DVDanger: The Larry Fessenden Collection

Horror's underappreciated auteur on existential terror

Whale. Castle. Carpenter. Craven. Fulci. The great names of horror. But maybe there's another, less known talent that should be added to this list. Larry Fessenden may never have had their commercial success, but the New York filmmaker's impact on modern American horror, both artistic and personal, is indelible.

"I see the world as having every potential of having something jump out at you."
Horror auteur Larry Fessenden's first four features are released this week in The Larry Fessenden Collection. (Photo by Beck Underwood)
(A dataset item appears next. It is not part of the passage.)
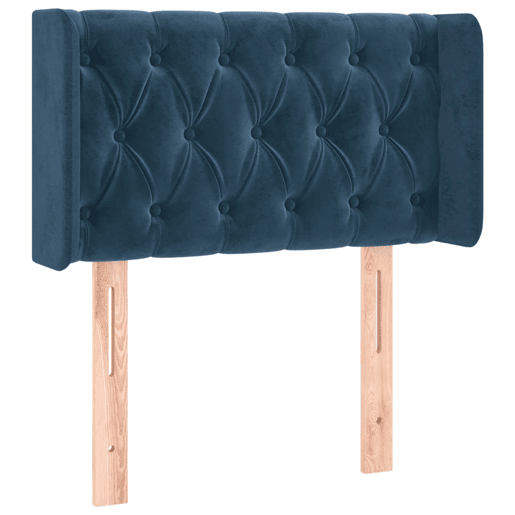 vidaXL Cabeceira de cama c luzes LED veludo 83x16x7888cm azul-escuro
While Fessenden himself would probably blanch at the comparison, there's a coterie of creatives at the forefront of the genre that might disagree. Ti West (House of the Devil, The Innkeepers), Adrian Garcia Bogliano (Late Phases), Kelly Reichardt (Meek's Cutoff), Jim Mickle (Stake Land), and Mickey Keating (Pod, Darling) all have released films under the watchful gaze of Fessenden's Glass Eye Pix. Ted Geoghegan cast him in We Are Still Here like a lucky totem. And there are dozens more actors and directors who have been inspired over the years by his approach to making movies: Just get it done.
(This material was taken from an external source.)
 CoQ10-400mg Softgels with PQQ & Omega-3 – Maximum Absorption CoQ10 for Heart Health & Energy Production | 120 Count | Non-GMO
And now his own work gets a long overdue reappraisal with The Larry Fessenden Collection, a 4-disc collection of his directorial run from 1991 to 2006. "It's nice to have it in one place," said Fessenden with his signature humility.

Director, producer, writer, actor, editor, composer (often wearing multiple hats on the same project), Fessenden began his moviemaking career as a quasi-documentarian, the videographer for New York's avant garde arts scene. The transition to horror seemed natural. "That's just the way my brain is wired," he said, "I see the world as having every potential of having something jump out at you."

Yet the voluminous extras make this edition as much a history of his Glass Eye Pix shingle as it is of the man himself. That's no surprise, since the company at heart is Fessenden himself, and whoever is around at the time. It started as a nom de plume, a way to work on films without having his name everywhere. That led to a career, as he put it, "helping people articulate their vision, starting with performance arts and moving on to people like Ti West."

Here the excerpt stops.